At first glance, it might appear that there are less sub-blocks on VMFS-6. However, VMFS-6 has a new dynamic system resource allocation mechanism, which means that more sub-blocks (and other resources) can be created as needed. With that in mind, we can see that there are currently 16384 sub-blocks, and a system resource file size of 1GB. This implies that the sub-block size on VMFS-6 is 64K. Note that it is not just sub-blocks that have this new dynamic system resource allocation mechanism, but other resources are allocated dynamically in VMFS-6 too.

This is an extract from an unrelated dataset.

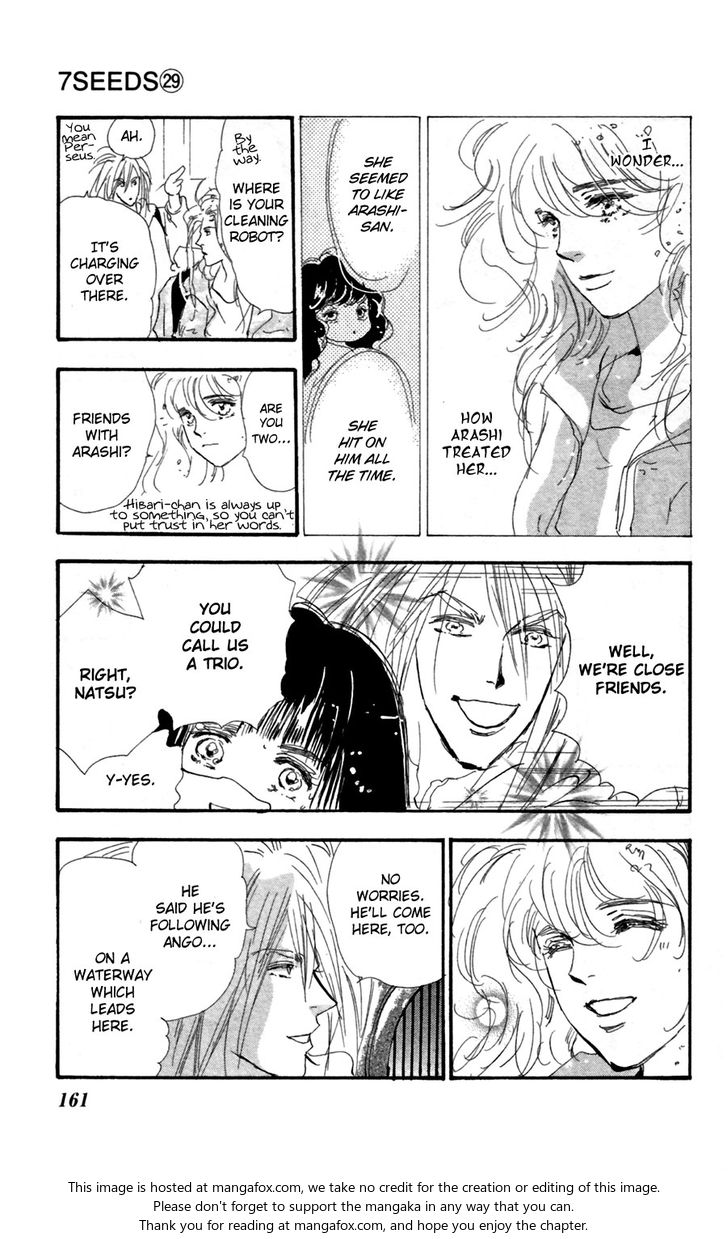 Read 7 Seeds Manga Online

Why did we make this change? Well, I don’t know all of the reasons, but one of the reasons in that sub-blocks are now used in place of pointer blocks on VMFS-6 to address very large files. Note that the number of pointer blocks reported in the vmkfstools for VMFS-6 now returns 0. That is because they have been replaced with the new sub-blocks. You can also see that the pointer block system resource file is now really small (a single 64K sub-block?) in the system resource file list, when compared to the size on VMFS-5.

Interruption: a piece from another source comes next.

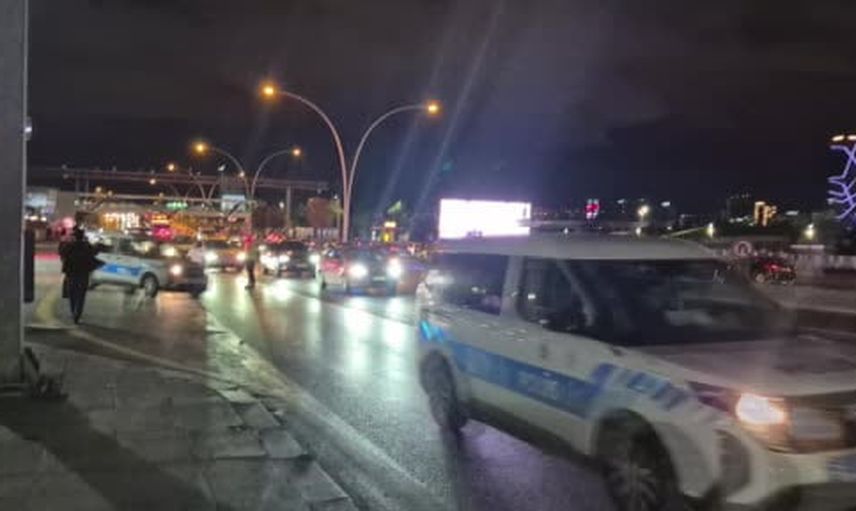 Polatlı'da şüphe üzerine geniş çaplı denetim: 68 gözaltı, 94 idari işlem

Find out more about VMFS-6 and other vSphere 6.5 storage enhancements in this core storage white paper.
Hi Cormac,
I enjoyed reading post! It has some very interesting details. For instance, I didn’t know that pointer blocks are no longer used. (Now I wonder why the files .pbc.sf and pb2.sf still exist on vmfs-6 …)
By the way, this might not be useful information, but the output of “vmkfstools -D .sbc.sf” also shows the sub block size 🙂
[root@esxi65:/vmfs/volumes] vmkfstools -D vmfs6a/.sbc.sf
Lock [type 10c00001 offset 7503872 v 3, hb offset 3571712
gen 1, mode 0, owner 00000000-00000000-0000-000000000000 mtime 7274
num 0 gblnum 0 gblgen 0 gblbrk 0]
Addr , gen 1, links 1, type sys, flags 0x8, uid 0, gid 0, mode 400
len 1074331648, nb 1025 tbz 0, cow 0, newSinceEpoch 1025, zla 5, bs 1048576
16384 resources, each of size 65536 < You can also see that the pointer block system resource file is now really small (a single 64K sub-block?) …
It would indeed fit into a sub block but for some reason the file occupies a file block (zla 1 = file block, block size,bs = 1 MB) – at least on my system. Now, this is certainly useless information, isn’t it? 😀
[root@esxi65:/vmfs/volumes/5888b574-02fd7324-dd77-000c2975f544] vmkfstools -D .pbc.sf
Lock [type 10c00001 offset 7495680 v 1, hb offset 0
gen 0, mode 0, owner 00000000-00000000-0000-000000000000 mtime 7152
num 0 gblnum 0 gblgen 0 gblbrk 0]
Addr , gen 1, links 1, type sys, flags 0, uid 0, gid 0, mode 400
len 65536, nb 1 tbz 0, cow 0, newSinceEpoch 1, zla 1, bs 1048576 <=============
0 resources, each of size 65536
Organized as 0 CGs, 8 C/CG and 0 R/C
CGsize 65536. 0th CG at 65536
The only explanation I have is that the file was bigger than 64k at some time. A new file with a size of 64k is stored in a sub block (zla 2 = sub block, Block size = 64kB) (as opposed to VMFS3, where only files smaller than 64k are stored in a sub block):
[root@esxi65:/vmfs/volumes/5888b574-02fd7324-dd77-000c2975f544] vmkfstools -D 64k.txt
Lock [type 10c00001 offset 133758976 v 7, hb offset 3571712
gen 169, mode 0, owner 00000000-00000000-0000-000000000000 mtime 246
num 0 gblnum 0 gblgen 0 gblbrk 0]
Addr , gen 1, links 1, type reg, flags 0x1, uid 0, gid 0, mode 644
len 65536, nb 1 tbz 0, cow 0, newSinceEpoch 1, zla 2, bs 65536 <=============
When a small file is overwritten with data larger than 64k and then again with small data, the file stays on a file block:
# dd if=/dev/zero bs=1k count=10 of=test.txt
# dd if=/dev/zero bs=1k count=70 of=test.txt
# dd if=/dev/zero bs=1k count=10 of=test.txt
[root@esxi65:/vmfs/volumes/5888b574-02fd7324-dd77-000c2975f544] vmkfstools -D test-grow.txt
Lock [type 10c00001 offset 62193664 v 7, hb offset 3571712
gen 169, mode 0, owner 00000000-00000000-0000-000000000000 mtime 296
num 0 gblnum 0 gblgen 0 gblbrk 0]
Addr , gen 1, links 1, type reg, flags 0x9, uid 0, gid 0, mode 644
len 10240, nb 1 tbz 0, cow 0, newSinceEpoch 1, zla 1, bs 1048576 <=============
Very cool – thanks for sharing Pascal.